New to DR life, visiting soon.

Hi guys, new member here.

  We Wil be Visiting Puerto Plata, DR in late Nov for the first time. Hope to have a great experience and learn more about life in DR. Might be a good place to make a big change from Vancouver, BC, Canada. Looking to learn more about a future here. Open to suggestions or advice. Work, housing, lifestyle, Etc.
  Experienced with Solar power, construction, and Wireless Telecom professional.


Welcome to the forums Scott.  Read read read honey, lots of info on various threads about everything you want to learn about.

Scott welcome. Lots of good reading here.  After reading the various threads please feel free to ask specific questions.
We have lived on the north coast (Sosua/Cabarete) for nearly 12 years full time.
Bob K

Thanks Bob,
I've been checking out this page and have learned a few things to research. Nov 24th we will be in BeLive resort, Puerto Plata. I hope to meet and chat with some of the locals while there.
Actually would like to know where to look for House rentals. We are motivated to spend some time in the area. (Long-term)  I've found some online rental listings but know these are limited to my knowledge of what, when, where,... to see which area is suitable. The Job Stress is going to kill me staying here.
  Rumor is that the crime rate is pretty high but I'm sure that is in specific areas. Logic must prevail in any country of course.
Is driving as thrilling as its made out to be? San Francisco rush hour style? LOL, Vancouver is rated as the most congested city in Canada.
The countdown in on...  (-:


Welcome - Planner and Bob along with others certainly have great advice and much of you are seeking has been discussed somewhere  here. I am a newbie here as well. I will residing inland in Moca. I will comment on the driving. Unless you have traveled and driven in countries outside North America or even Central Europe, you will be surprised by driving here. The driving experience that I have is limited, but the main 4 lane highway across the country from Santiago area to the out skirts of Santo Domingo before city congestion swallows you is as good as anywhere you are familiar with. Small 100/125 cc motorcycles and scooters are everywhere and go where they wish(it seems). In populated areas there is a major proliferation of these as well. Many are the quick, easy local taxi service. On the roads, solid lines only mean be careful because cars and bikes will pass if the vehicle in front of then is too slow. In towns villages etc, bikes and scooters are seemingly more prevalent than 4 wheel vehicles (except in major centers) and negotiating turns or even any 4 corner roads mean lots of horn honking. It seems like total pandemonium. Once you get used to it, no problem. Just be prepared.......I actually enjoyed it and surprised my future in-laws when I made home safe.... I hail from Red Deer AB, Cheers

While here explore Sosua and Cabarete for areas to live in the PP area. There are lots of long term villa rentals available.
What are you looking for and what is your budget?  I will give you some places to look when we know what you are lookin for.
You will not meet many locals or Expats at the resort but rather in the towns which is why you should explore Sosua and Cabarete
Bob K

Where you rent depends on what lifestyle you are looking for as well as your budget.
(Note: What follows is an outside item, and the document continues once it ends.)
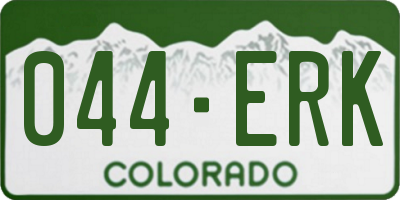 CO license plate 044ERK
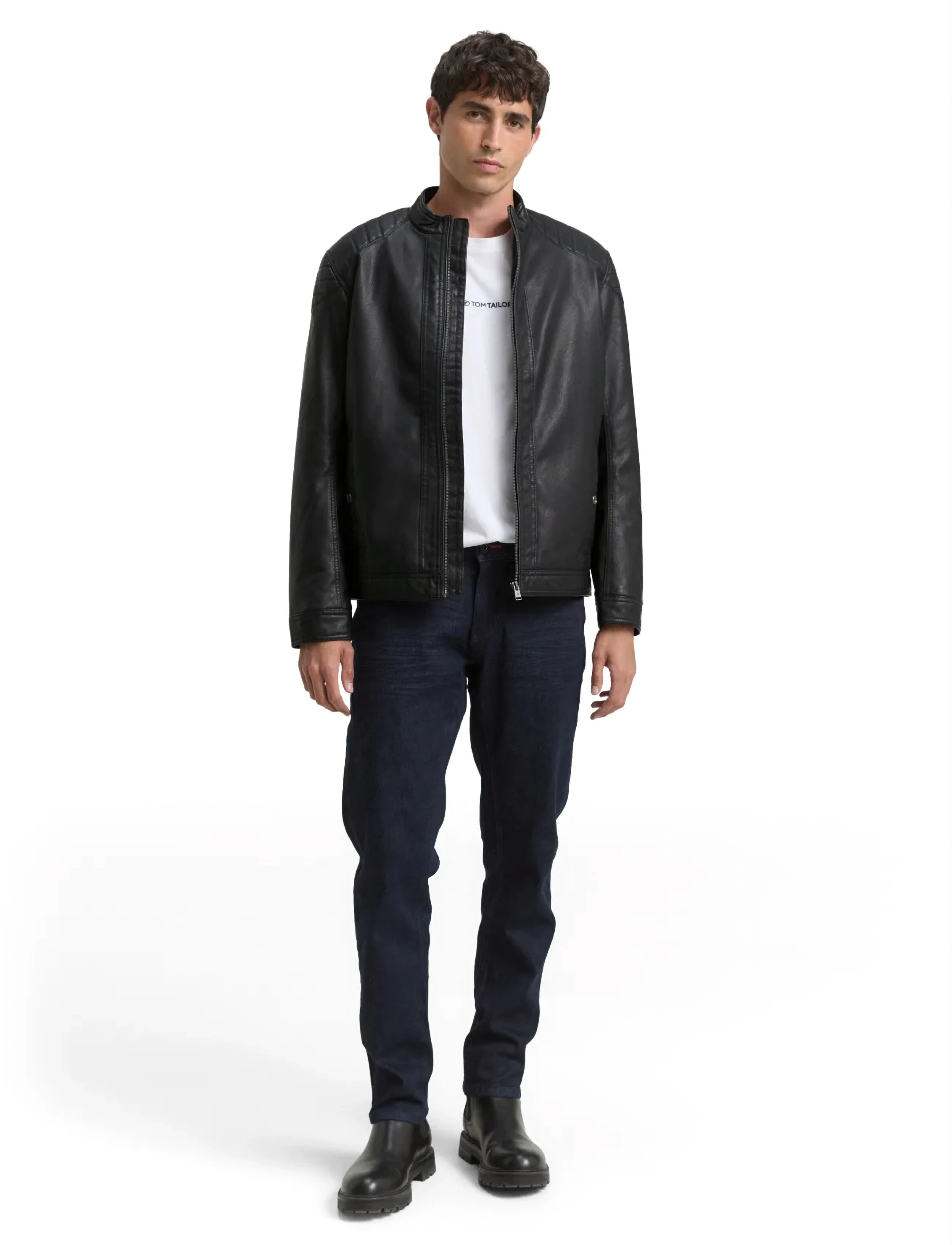 Tom Tailor Fake Leather Jacket, L, Jackets, Schwarz - Leather, Männerswear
Tell us what you want? Close to ocean? Need schools for kids? Water sports or spectator? Beach lover or.pool? Golf? Shopping? Churches? Other special needs or wants?

And of course budget range? How many people? Will you need to work?

So much to consider. There are many areas across the north coast:

Puerto Plata

Those are all west to east. Be Live is west side of Puerto Plata.

You guys are awesome.

  The dream I'm chasing is to be fairly close to the water as we love Snorkeling, soon to Scuba, boating, etc. But as I know that most likely comes at a cost. Closer to the water you are the more expensive it is and at 47, I'm not about to retire.
  Next step is to make a budget. We have been discussing, when the time is right, we will basically sell off 90% of what we have and make the big move. This would all be about downsizing and simplifying life. That being said, there is still a need for an income.
  Jobs - Construction, Wireless Telecom, PM / CM roles, etc. Having worked at heights for 16 years on Cell Towers, now last 4 years in Construction Project management / Project coordinator. I would like to find something near that field of employment. This carries transferable skills to about 12 other trades as well. I do understand it is a different culture so there are limited options.
  Finding employment will set the basic budget so I got a lotta research to do yet.

We are definitely going to have a look around at the communities while down there. Sosua does sound inviting by what I read.
Yet I find some statistics a little disturbing when they show living in DR you are 15.7 times more likely to be murdered. So is this a Inner City issue or country wide?

Guess I gotta pretend I'm still working.. tho dreaming of Warmer Weather (-:


Perhaps if you are a drug dealer or local gangster that percentage might apply. Central Florida has an astounding number of violent crimes compared to the to the DR.  Most are domestic violence or drug or other criminal activity.  That # doesn't apply to ex-pats or tourists.  Belong to the criminal underground & you increase your chances of being underground. Since 1996, no one I know has been killed.  My error, one by his Haitian girlfriend.  Don't worry, enjoy, the odds are in your favor. Detroit has a worse record.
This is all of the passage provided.